The shape became a man, and Colonel Packard stepped out from beneath the cover of trees.
“Colonel Packard.” Conrad sighed, remaining alert as others emerged behind Packard.
“You’re a sight for sore eyes,” Packard said. He almost smiled. “Even you, Miss Weaver.”
Slivko and his fellow soldiers greeted each other with shoulder-slaps and banter, relieved to be together again. They still carried the stain of loss in their expressions. Conrad knew that feeling well.
“Thought for sure you’d be monkey food by now, Slivko,” Cole said.
“Sorry to get your hopes up, Cole,” he replied.
Randa stepped around Packard and splashed across the stream, shaking Brooks’s and San’s hands.
“I thought you were crazy,” Brooks said.
“Yea
h, right now I wish I had been,” Randa replied. Conrad saw the lie in his eyes. He was delighted at just how right he’d been.
“Me too,” Brooks said.
“You aren’t hurt?” San asked in Mandarin. Perhaps she thought no one else in the group could understand, but Conrad had spoken the language for years.
“Barely a scratch, dear,” Randa replied in the same language.
Marlow had drawn his katana sword at the sounds of rustling, and now he sheathed it and stepped forward towards the soldiers.
“Good to see you, fellas,” he said. “New faces sure are a treat.”
“Who the hell is this?” Packard asked. He was looking at Marlow like he was something he had stepped in on the sidewalk, and Conrad could have swung for him right then. He’d already marked Packard as arrogant and dangerous. Seemed he was pompous and superior, too.

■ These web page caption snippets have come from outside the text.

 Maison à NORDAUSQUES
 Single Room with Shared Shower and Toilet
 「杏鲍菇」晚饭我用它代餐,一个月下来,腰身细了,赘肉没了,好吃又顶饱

“Picked up a hitchhiker,” Conrad said.
“Lieutenant Hank Marlow, sir. Forty-fifth Pursuit squadron of the Fifteenth Pursuit group out of Wheeler Army Airfield, Hawaii.”
“You been here since World War Two?”
“More than half my life,” Marlow said.
“I’ll be damned,” Packard said. “Snap to, Lieutenant!” He saluted.
Marlow snapped a salute back, no longer looking like an old soldier.
“I’m getting him home,” Conrad said. “I’m getting all of us home. If we follow the river, his boat should take us close to the north shore in time for extraction.”
“Good to know,” Packard said, nodding and smiling. “But we’re not leaving yet.”
“Not leaving?” Randa asked. “We need to get away from here, get back home with this information while we still can. It’s important!”
“I’m not leaving Chapman,” Packard said.
“He’s still out there?” Conrad asked. “Alive?” He’d assumed that all survivors had gathered together. The idea of one man being out there on his own was awful.
“Last contact was yesterday,” Packard said. He pulled out his map and spread it on a rock so that Conrad and others could lean in to see. “He’s stayed with his downed Sea Stallion to the west… round about here.” He pointed to a spot on the map. Conrad reckoned it was less than two miles from their current location.